I love it! Go diesel! I did for a replacement to my wrecked 1LT...
although I traded in a whole lot of WHOMP with my 370HP Charger R/T.


----------



## MilTownSHO (Oct 9, 2013)

Racing in a Cruze... :icon_scratch:


----------



## Merc6 (Jun 8, 2013)

MilTownSHO said:


> Racing in a Cruze... :icon_scratch:


You haven't seen the Prius forums kill thread I take it. It's been a while since I checked it, it was a good read.


*Edit*

Have at it...

http://priuschat.com/threads/hybrid-racing-stories.15589/


----------



## titanman2789 (Oct 27, 2013)

Another great thing about this - even after you put your foot down your avg mpg will still be around 40+

Sent from AutoGuide.com Free App


----------



## Merc6 (Jun 8, 2013)

titanman2789 said:


> Another great thing about this - even after you put your foot down your avg mpg will still be around 40+
> 
> Sent from AutoGuide.com Free App


Yeah I'd lose 3 mpg if I did two 3rd gear pulls in a drive cycle.


----------



## jblackburn (Apr 14, 2012)

Merc6 said:


> Yeah I'd lose 3 mpg if I did two 3rd gear pulls in a drive cycle.

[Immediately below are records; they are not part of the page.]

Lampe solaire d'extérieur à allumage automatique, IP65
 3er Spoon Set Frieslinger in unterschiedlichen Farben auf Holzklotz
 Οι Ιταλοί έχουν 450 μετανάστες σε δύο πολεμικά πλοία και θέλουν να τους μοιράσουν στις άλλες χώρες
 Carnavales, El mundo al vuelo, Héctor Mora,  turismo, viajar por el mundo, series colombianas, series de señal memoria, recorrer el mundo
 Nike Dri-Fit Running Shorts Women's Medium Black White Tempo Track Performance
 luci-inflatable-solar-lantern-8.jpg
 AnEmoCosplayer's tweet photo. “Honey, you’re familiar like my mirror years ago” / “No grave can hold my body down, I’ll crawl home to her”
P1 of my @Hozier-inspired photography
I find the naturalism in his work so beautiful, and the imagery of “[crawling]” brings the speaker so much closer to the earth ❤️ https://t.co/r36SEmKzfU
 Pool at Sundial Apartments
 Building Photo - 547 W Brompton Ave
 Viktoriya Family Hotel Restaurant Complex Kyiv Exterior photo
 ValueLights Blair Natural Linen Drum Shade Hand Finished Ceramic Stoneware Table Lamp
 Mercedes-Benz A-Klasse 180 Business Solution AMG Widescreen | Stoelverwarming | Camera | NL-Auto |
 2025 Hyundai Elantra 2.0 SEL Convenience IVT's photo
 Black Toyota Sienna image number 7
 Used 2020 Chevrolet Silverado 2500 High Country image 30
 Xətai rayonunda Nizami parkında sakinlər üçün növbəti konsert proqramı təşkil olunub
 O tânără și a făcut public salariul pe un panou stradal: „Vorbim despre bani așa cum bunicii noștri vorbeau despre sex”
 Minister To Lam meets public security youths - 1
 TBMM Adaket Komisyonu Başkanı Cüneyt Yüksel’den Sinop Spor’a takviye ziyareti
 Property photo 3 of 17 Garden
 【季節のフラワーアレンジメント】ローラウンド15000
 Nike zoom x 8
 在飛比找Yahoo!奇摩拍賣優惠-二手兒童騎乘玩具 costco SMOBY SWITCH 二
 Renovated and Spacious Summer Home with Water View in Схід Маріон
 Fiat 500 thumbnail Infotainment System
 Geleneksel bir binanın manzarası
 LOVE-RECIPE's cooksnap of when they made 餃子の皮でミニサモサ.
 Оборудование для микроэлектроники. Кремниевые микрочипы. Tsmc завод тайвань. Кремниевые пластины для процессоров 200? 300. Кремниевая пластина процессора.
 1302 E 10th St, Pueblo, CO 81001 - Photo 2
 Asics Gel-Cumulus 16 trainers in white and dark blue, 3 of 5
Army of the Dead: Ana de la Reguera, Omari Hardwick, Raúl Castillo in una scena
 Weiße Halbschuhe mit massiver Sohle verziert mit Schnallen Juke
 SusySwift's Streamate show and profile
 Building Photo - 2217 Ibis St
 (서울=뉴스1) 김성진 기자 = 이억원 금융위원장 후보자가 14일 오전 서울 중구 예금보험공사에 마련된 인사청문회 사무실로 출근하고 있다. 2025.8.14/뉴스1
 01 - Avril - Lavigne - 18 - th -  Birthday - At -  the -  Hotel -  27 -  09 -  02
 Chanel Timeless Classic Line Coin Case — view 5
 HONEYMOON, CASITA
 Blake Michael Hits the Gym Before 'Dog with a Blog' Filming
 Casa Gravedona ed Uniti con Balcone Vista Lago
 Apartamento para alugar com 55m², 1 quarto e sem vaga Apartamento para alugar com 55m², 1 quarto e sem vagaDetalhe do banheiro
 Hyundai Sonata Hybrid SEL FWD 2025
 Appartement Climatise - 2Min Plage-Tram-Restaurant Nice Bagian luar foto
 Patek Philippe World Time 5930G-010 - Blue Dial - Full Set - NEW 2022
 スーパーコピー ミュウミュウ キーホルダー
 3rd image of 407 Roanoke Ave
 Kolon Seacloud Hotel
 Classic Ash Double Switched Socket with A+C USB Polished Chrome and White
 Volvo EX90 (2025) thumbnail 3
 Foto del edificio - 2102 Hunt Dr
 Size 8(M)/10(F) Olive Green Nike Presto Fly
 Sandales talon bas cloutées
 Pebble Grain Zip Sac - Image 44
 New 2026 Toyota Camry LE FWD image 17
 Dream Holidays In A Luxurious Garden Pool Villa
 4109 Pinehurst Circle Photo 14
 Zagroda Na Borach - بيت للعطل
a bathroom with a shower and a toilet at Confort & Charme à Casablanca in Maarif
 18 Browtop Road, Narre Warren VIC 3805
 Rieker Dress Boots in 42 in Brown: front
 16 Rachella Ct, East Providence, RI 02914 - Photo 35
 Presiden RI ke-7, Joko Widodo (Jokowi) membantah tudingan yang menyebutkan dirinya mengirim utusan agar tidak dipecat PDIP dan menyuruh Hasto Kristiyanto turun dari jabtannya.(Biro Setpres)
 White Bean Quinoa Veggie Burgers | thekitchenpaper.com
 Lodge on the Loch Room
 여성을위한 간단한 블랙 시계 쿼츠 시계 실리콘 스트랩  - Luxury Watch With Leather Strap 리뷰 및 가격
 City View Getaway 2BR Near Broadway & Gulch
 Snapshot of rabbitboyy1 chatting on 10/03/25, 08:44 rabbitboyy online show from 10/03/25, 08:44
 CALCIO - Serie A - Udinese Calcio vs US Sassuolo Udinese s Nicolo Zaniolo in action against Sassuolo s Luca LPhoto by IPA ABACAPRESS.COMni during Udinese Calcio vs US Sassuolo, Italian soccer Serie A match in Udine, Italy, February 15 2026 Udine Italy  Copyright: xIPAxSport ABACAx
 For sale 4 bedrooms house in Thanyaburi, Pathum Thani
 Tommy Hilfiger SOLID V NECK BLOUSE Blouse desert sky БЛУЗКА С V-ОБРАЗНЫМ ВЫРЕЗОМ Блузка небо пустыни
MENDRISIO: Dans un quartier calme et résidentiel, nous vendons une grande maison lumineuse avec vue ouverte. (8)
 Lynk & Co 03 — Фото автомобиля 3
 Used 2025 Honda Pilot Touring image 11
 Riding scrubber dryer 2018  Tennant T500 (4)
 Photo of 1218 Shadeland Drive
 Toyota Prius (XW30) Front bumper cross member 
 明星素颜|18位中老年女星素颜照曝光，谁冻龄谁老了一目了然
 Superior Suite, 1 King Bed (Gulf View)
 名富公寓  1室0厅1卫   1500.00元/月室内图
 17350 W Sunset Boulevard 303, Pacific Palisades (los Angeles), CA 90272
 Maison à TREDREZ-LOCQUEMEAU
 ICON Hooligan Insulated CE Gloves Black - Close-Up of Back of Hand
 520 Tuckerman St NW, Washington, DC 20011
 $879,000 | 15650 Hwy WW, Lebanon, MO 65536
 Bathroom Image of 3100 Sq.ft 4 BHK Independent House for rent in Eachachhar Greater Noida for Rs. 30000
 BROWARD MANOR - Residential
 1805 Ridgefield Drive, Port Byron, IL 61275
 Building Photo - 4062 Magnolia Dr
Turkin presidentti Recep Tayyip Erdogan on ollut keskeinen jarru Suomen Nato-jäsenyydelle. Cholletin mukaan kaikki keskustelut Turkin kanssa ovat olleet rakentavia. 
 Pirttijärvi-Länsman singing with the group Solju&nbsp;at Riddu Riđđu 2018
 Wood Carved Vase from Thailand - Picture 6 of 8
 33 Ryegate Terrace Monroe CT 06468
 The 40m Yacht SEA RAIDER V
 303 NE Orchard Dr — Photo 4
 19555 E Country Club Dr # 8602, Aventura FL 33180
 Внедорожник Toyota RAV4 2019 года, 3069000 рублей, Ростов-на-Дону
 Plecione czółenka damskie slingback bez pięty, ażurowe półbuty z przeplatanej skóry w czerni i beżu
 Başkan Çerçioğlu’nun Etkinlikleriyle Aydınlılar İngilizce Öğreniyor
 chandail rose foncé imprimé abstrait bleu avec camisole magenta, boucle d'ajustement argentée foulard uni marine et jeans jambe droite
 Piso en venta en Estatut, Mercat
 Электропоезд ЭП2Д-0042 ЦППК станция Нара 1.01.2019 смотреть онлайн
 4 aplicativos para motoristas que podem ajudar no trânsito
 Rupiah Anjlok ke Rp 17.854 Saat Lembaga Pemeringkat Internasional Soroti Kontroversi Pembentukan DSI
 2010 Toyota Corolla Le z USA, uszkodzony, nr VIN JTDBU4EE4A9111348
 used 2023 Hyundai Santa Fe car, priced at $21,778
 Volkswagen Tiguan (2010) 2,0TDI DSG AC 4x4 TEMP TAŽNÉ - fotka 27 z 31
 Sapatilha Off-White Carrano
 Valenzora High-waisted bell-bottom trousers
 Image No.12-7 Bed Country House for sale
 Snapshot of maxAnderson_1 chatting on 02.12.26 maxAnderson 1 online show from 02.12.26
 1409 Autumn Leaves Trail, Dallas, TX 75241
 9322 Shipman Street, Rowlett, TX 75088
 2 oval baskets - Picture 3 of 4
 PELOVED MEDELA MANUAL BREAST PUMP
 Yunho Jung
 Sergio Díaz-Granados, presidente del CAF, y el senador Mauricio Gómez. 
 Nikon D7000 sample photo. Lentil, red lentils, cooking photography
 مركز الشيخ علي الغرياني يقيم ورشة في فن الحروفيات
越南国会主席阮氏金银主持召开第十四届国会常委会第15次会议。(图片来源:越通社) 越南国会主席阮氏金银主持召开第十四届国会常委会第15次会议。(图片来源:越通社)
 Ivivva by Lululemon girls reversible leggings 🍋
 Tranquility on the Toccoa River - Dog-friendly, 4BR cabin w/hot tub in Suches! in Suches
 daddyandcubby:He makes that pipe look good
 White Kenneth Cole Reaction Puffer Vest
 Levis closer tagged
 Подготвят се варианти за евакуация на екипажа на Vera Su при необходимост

Passed 3 cars on 2 lane roads that resulted in me going from 45-80. Still hit 47 mpg. The passing part was a bit scarier than I remember with 250 hp on tap though. 


Sent from AutoGuide.com App


----------



## diesel (Jun 8, 2013)

I've surprised a few cars at stoplights. Not racing per-se but like if I am in the right lane and need to get over to the left. One guy in an Audi, once he realized what I was doing floored it but I was already far enough ahead of him to safely merge over.


----------



## ParisTNDude (Oct 7, 2013)

mc2crazy said:


> I love it! Go diesel! I did for a replacement to my wrecked 1LT...
> although I traded in a whole lot of WHOMP with my 370HP Charger R/T.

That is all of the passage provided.